Prompt:
Begin at the line containing "5 Bedroom Detached" in the entries below and end at the line containing "Sobrado para Venda"; transcribe that range exactly and nothing outside it.

Dataset extract:
━━━━━━━━━━━━━━━━━━━━━━━━━━━━━━

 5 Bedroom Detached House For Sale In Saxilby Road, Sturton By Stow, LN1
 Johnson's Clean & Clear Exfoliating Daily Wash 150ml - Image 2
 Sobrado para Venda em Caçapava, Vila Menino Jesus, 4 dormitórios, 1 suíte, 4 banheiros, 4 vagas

━━━━━━━━━━━━━━━━━━━━━━━━━━━━━━

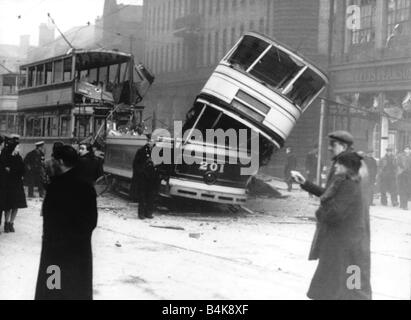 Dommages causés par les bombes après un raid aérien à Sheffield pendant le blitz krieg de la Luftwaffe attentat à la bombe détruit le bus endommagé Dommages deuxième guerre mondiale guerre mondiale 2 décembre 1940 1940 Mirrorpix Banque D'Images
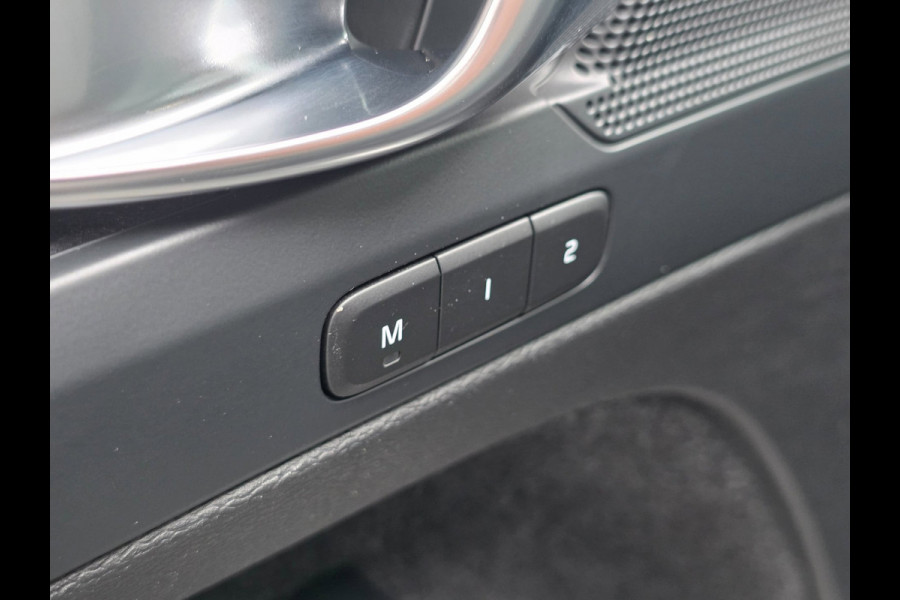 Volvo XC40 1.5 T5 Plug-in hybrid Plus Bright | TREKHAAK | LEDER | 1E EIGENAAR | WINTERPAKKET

━━━━━━━━━━━━━━━━━━━━━━━━━━━━━━

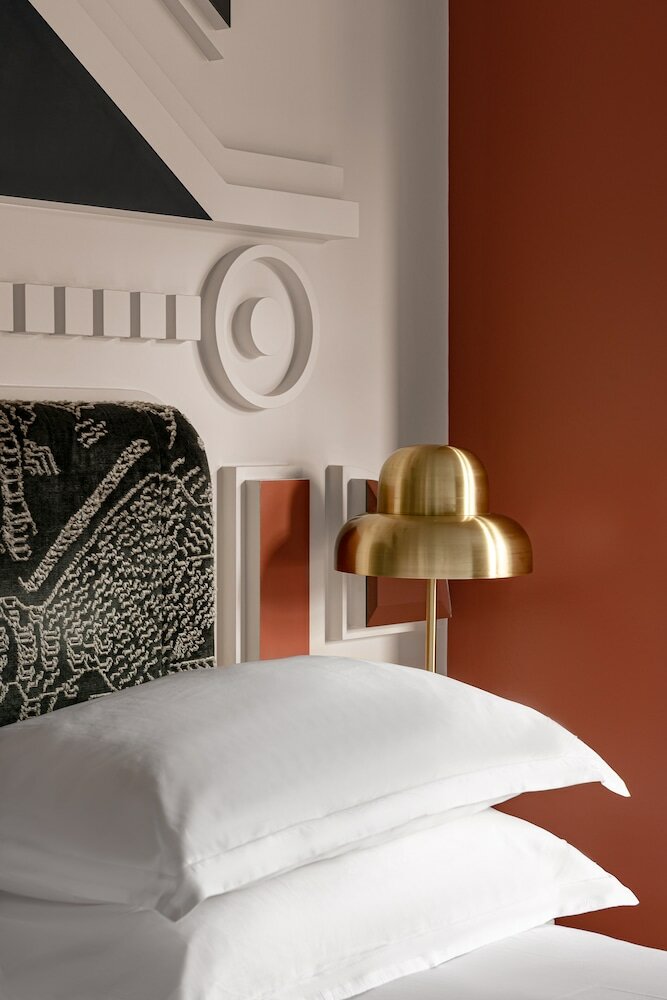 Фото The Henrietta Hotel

━━━━━━━━━━━━━━━━━━━━━━━━━━━━━━

Written answer:
 5 Bedroom Detached House For Sale In Saxilby Road, Sturton By Stow, LN1
 Johnson's Clean & Clear Exfoliating Daily Wash 150ml - Image 2
 Sobrado para Venda em Caçapava, Vila Menino Jesus, 4 dormitórios, 1 suíte, 4 banheiros, 4 vagas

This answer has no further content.